I'd like to see that.

Thanks for the compliment on the picture! This is what I was living with, on almost a daily basis. There's a camera behind those blinds. Not sure what she's tracking (when I leave and arrive back home?). All I have left is to mock it. No one will do anything about it. 

There haven't been any Police involved since Labor Day weekend. She doesn't have any obvious cameras in her window that I can see (she's an Electrical Engineer, so they'd be a bit more subtle) and my Internet has worked faithfully since she filed her phony stalking order on me (another coincidence in a long string of them). 

Aside from that, my router "died" unexpectedly after I went to court. Not sure if it was from natural causes or what. There were some odd cigarette butts at the top of the driveway the day it died. It would have had any logs that showed she was hacking my internet. Probably just ANOTHER coincidence.

But things are going well at the moment. I hope to get a chance to ride my bike soon!


----------



## bottecchia_eja (Jul 18, 2010)

Kodi Crescent said:


> I'd like to see that.
> 
> Thanks for the compliment on the picture! This is what I was living with, on almost a daily basis. There's a camera behind those blinds. Not sure what she's tracking (when I leave and arrive back home?). All I have left is to mock it....
> 
> But things are going well at the moment. I hope to get a chance to ride my bike soon!


Good to hear it man, lliving next door to a psycho neighbor is no fun, I know. 

BTW, as you requested....

Here are two pictures of the Garmin 500 mounted on the left chainstay of my steel Bottecchia. As you can see, the chainstays are shaped “normally” and run pretty much straight from the bottom bracket to the rear axle. 

Unlike the install in the Bianchi Infinito I did not need to use “spacers” on the crank arm to bring the magnet closer to the 500 speed/cadence sensor. I was also able to install the speed pick up magnet on a spoke on the left side of the wheel (unlike the Bianchi where I need to mount the magnet pick up on the opposite side spokes).
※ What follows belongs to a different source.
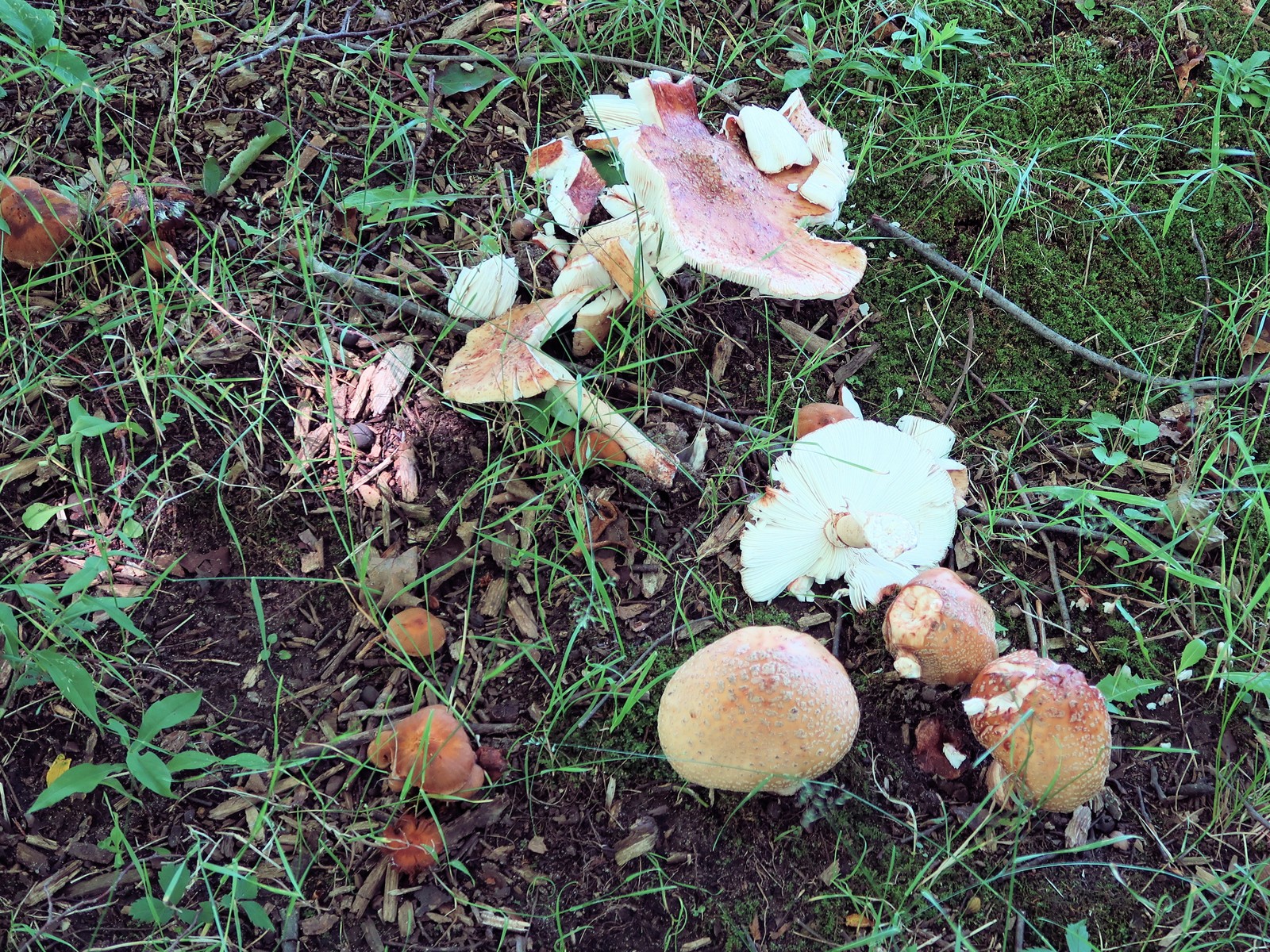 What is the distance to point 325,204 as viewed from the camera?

BTW, the Bottecchia rides sooooooooooo sweet. I have been riding her for the past few days (I don’t want her to get jealous of the Bianchi LOL) and the acceleration, on a sprint, is just great. Climbing the Infinito has an edge because of its light weight, but in climbing stiffness, the Bottecchia gives nothing away to the Infinito. 
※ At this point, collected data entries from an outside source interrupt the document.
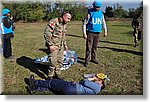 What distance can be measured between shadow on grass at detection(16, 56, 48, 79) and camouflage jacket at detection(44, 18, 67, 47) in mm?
668

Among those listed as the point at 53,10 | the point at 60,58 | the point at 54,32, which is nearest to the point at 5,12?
the point at 53,10

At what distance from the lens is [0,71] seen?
168 inches

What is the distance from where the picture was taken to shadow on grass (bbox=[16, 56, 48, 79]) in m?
4.39

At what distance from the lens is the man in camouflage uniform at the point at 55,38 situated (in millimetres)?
3741

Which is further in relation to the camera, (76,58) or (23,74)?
(76,58)

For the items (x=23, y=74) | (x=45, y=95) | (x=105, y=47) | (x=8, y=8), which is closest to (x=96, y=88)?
(x=45, y=95)

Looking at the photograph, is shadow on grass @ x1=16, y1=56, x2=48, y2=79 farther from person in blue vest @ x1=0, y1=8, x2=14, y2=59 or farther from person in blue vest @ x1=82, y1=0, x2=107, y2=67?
person in blue vest @ x1=82, y1=0, x2=107, y2=67

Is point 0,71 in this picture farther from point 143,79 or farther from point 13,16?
point 143,79

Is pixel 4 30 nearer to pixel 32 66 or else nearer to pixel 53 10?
pixel 32 66

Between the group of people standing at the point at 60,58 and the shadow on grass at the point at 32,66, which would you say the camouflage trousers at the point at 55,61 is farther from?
the shadow on grass at the point at 32,66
As an added bonus, the Bottecchia gets a lot of appreciative looks and great comments. It is like going out on cruise night driving a ’57 Chevy.


----------



## Kodi Crescent (Aug 3, 2011)

Thanks again for uploading those! From the looks of what's on the pictures, I bet the Bottecchia is a great looking bike!


----------



## bottecchia_eja (Jul 18, 2010)

Kodi Crescent said:


> Thanks again for uploading those! From the looks of what's on the pictures, I bet the Bottecchia is a great looking bike!


Mon dieu! Sacre bleu! Mama mia! I can’t belive I have not posted of my other bella bicicletta Italiana. She is gonna be so mad at me! 

Here you go Kodi! BTW, I really like your signature statement - it is so very true!


----------



## Kodi Crescent (Aug 3, 2011)

That's a lovely bike! Is it steel or titanium? 

And thanks for the compliment! The high road is incredibly tough ground to hold, especially against those that love the low road.


----------



## bottecchia_eja (Jul 18, 2010)

Kodi Crescent said:


> That's a lovely bike! Is it steel or titanium?
> 
> And thanks for the compliment! The high road is incredibly tough ground to hold, especially against those that love the low road.


Thanks Kodi, she is Columbus SLX tubing. I think this was hte last year for SLX, before they went to TSX. The bike is very stiff, yet comfortable. The ride is sweet. like a well-tuned guitar! 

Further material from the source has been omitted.